Set up DMARC

Hardening runbook. Publishes a DMARC policy that ties SPF and DKIM to the visible From address and tells receivers what to do with mail that fails. This closes the spoofing gap SPF and DKIM each leave open on their own. The progression from monitoring to enforcement is the whole point; jumping to enforcement risks dropping legitimate mail.

When to run

After SPF and DKIM are working. When a relay and authentication review shows no DMARC record, or one stuck at p=none.

Prerequisites

SPF and DKIM published and passing for the domain’s legitimate mail. DMARC checks that one of them passes and that its domain aligns with the From header; with neither working, DMARC has nothing to enforce. Confirm both first.

The policy progression

DMARC has three enforcement levels. The safe path moves through them on evidence, not on a schedule:

  1. p=none: monitor only. Receivers report results but take no action. This gathers the data on who sends as the domain.

  2. p=quarantine: failing mail goes to spam.

  3. p=reject: failing mail is refused outright.

Risk

Publishing p=quarantine or p=reject before the monitoring data confirms all legitimate mail passes causes receivers to spam-bin or reject genuine mail from any source not covered by SPF or DKIM. The p=none monitoring period exists to find those sources first. Move up a level only once the reports show legitimate mail passing cleanly.

Publishing the record

Add a TXT record at _dmarc.example.com. Start at monitoring, with an address to receive aggregate reports:

v=DMARC1; p=none; rua=mailto:dmarc-reports@example.com

Run at p=none until the aggregate reports show every legitimate mail stream passing SPF or DKIM with alignment. Then tighten:

v=DMARC1; p=quarantine; rua=mailto:dmarc-reports@example.com

and later p=reject once quarantine has run cleanly.

Verify

Confirm the record resolves:

dig +short TXT _dmarc.example.com

Send a test message to an external mailbox (Gmail shows DMARC results in the message detail) and confirm a DMARC pass. The aggregate reports arriving at the rua address are the ongoing verification: they show which senders pass and which fail, per receiver.

Done

DMARC record published and resolving. Aggregate reports arriving and reviewed. Policy at the highest level (quarantine or reject) that the reports confirm does not catch legitimate mail. Test mail passes DMARC.

Rollback

Step the policy back down (reject to quarantine to none) in the TXT record if legitimate mail is being caught, while the failing source is identified and brought under SPF or DKIM. The record change takes effect as DNS propagates.

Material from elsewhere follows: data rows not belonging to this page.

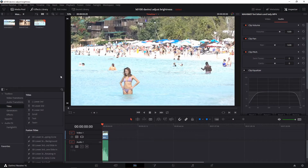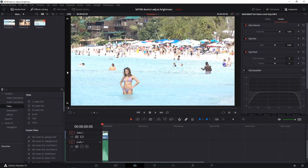Here we are in the edit page of DaVinci Resolve. I have this clip and I want to turn it into a black and white clip. It's really easy, but it's not that easy to find because it's kind of set off in a little small corner on another page. Here's how you turn this into a black and white clip.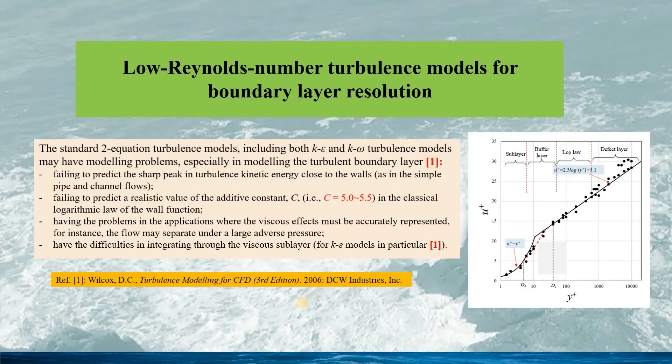In the next few slides, we will see how the standard K-Epsilon model can be modified to a low Reynolds number turbulence model, such that it could meet some basic requirements, such as the asymptotic relations when approaching the wall boundaries, as well as other problems.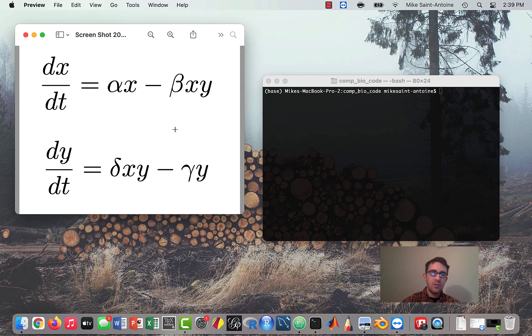So that's a quick review. In this lesson, we're going to be actually writing the Python code to simulate the system. Let's get started with that.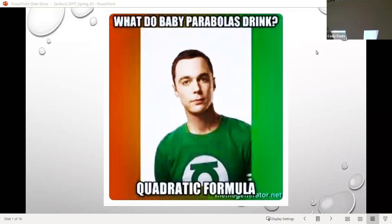Greetings everyone. Welcome to the video for part one of section 2.2. We're really going to start digging into calculus type concepts today, so if you weren't already super enthused about where this class was going, I think your enthusiasm is really going to start to deepen today.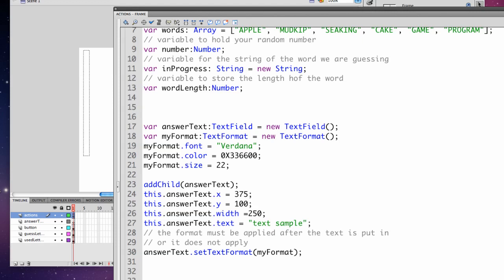Then I apply formatting. I set the font to Verdana, the color which I picked from using an HTML chart. You use 0x and then you look at the color's hex decimal code. myFormat.size is 22.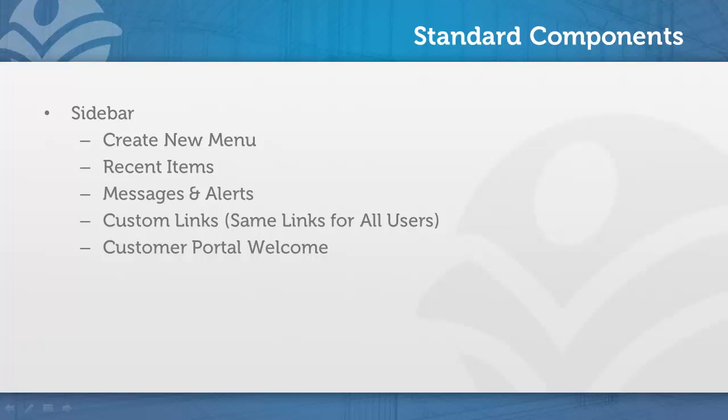There are two ways to add links to the sidebar. The standard component will allow you to add links, but the same links will be displayed for all users.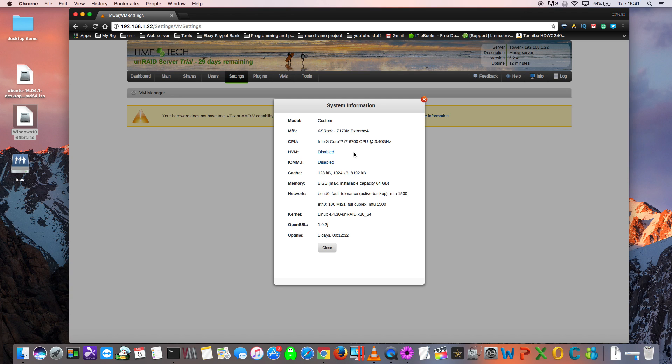Hopefully on your server, you'll already see both of these enabled. But if you don't, if you see one of them disabled, or both of them disabled, and you think that your CPU supports these features, then you're going to have to make some changes in the BIOS. Let's reboot into my BIOS, and I'll try and show you what things you should look for and try and change.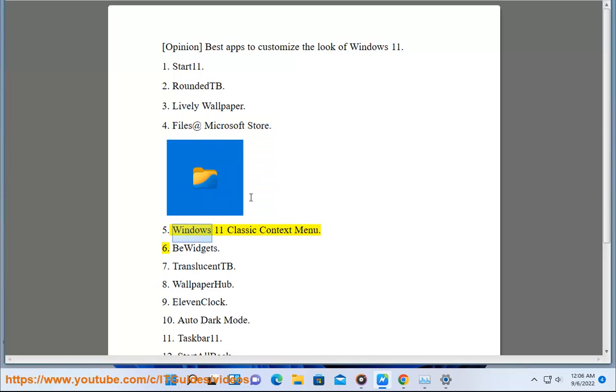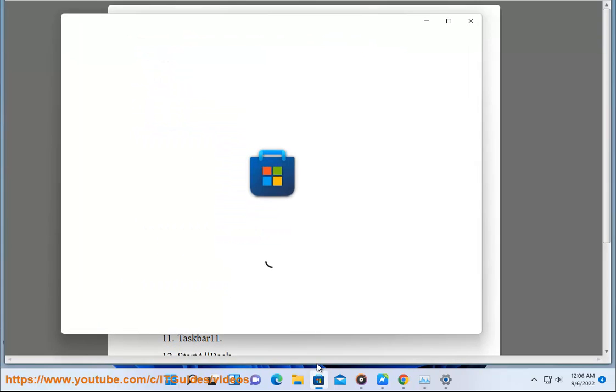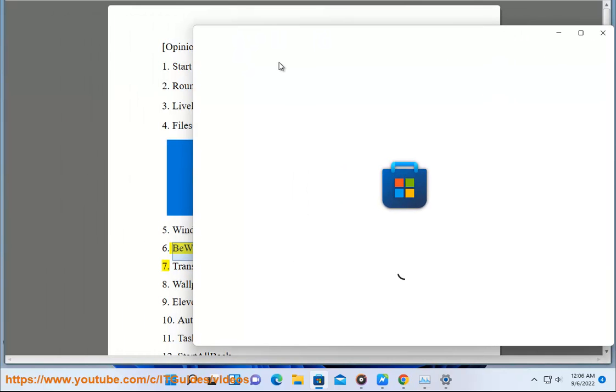5. Windows 11 Classic Context Menu, 6. B Widgets, 7. Translucent TB, 8. Wallpaper Hub.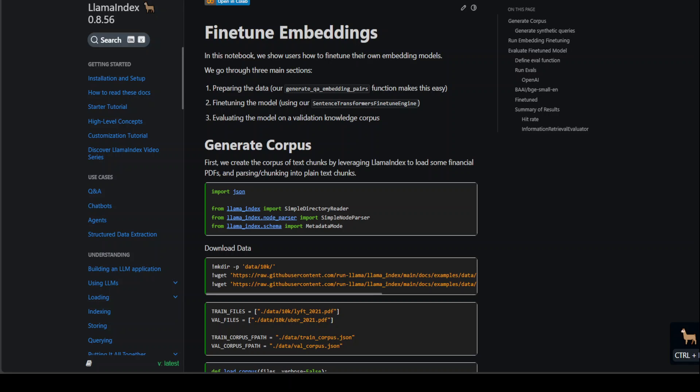In order to fine-tune an embedding model, there are three general steps. First and foremost, you need to prepare your data. Once you have prepared your data, you create a train data set and a validation data set in a specific format using the generate QA embedding pairs function.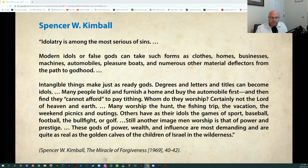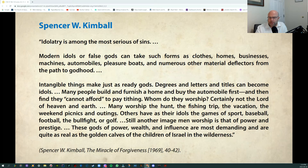From President Kimball: 'Idolatry is among the most serious of sins. Modern idols or false gods can take such forms as clothes, homes, businesses, machines, automobiles, pleasure boats, and numerous other material deflectors from the path to godhood. Intangible things make just as ready gods. Decrees and letters and titles can become idols. Many people build a home and buy an automobile first and then find they can't afford to pay tithing — whom do they worship? Many worship the hunt, the fishing trip, the vacation, weekend picnics. Others have as their idols games of sport. Still another image men worship is that of power and prestige. The gods of power and wealth and influence are most demanding and are quite as real as the golden calves of the children of Israel in the wilderness.'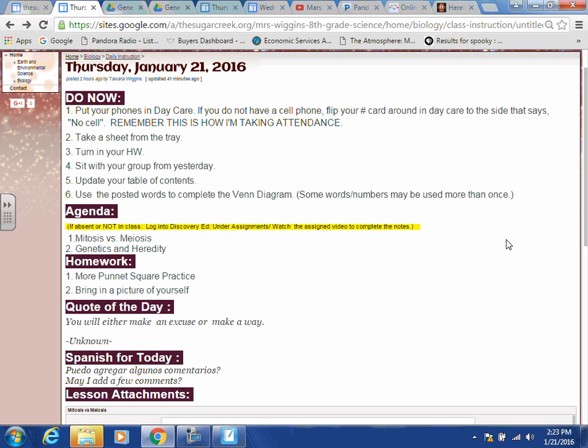Today we are going to be discussing mitosis versus meiosis, which is why you have the Venn diagram — we're going to look at that in just a second. We're also going to discuss genetics and heredity, kind of getting into the things that you had a little pretest on. Your homework will be titled 'More Punnett Square Review,' which is very simple — you'll probably finish it in class today. I want you to bring in a picture of yourself, taken within the past two years.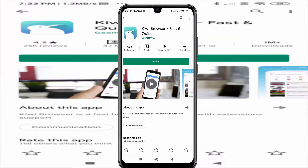You can also use the Kiwi browser to use Google Chrome extensions on your Android mobile. Both of the download links will be in the description box down below.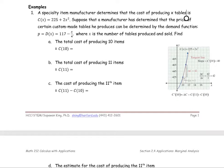For the first example, a specialty item manufacturer determines that the cost of producing X tables is given by the cost function C(x) = 225 + 2x². The manufacturer has also determined that the price of certain custom tables can be determined by the demand function P(x) = 117 - x/4, where X is the number of tables produced and sold.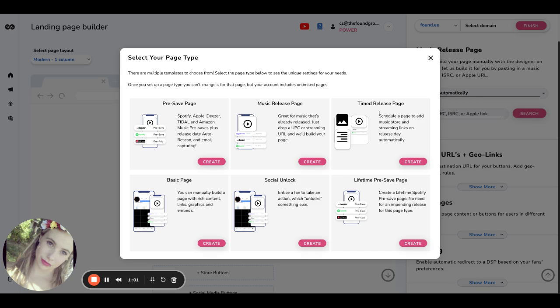Timed release is going to be outside of the pre-save pages, but it is when, before the music has been released, you want to set up a page, but it can't quite be a music release page. So you will actually set up the time and the date with all the release details for when that music is going to go live. And on that day and time, this page will turn for you.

What DMARC still does not cover

A passing result means SPF or DKIM passed with alignment, not that the sender is honest. An attacker using the same email provider as the domain, or any authorised server, can sometimes satisfy alignment. And DMARC checks the From domain, not the display name: a message can pass while showing a trusted brand name to the reader. DMARC closes the domain-spoofing gap, not every impersonation. See the mail stack.

Follow-up

  • The rua reports are only useful when read. A dedicated mailbox or a report-parsing tool makes the data legible.

  • Revisit the policy when adding a new sending service; a new source not covered by SPF or DKIM will fail under p=reject.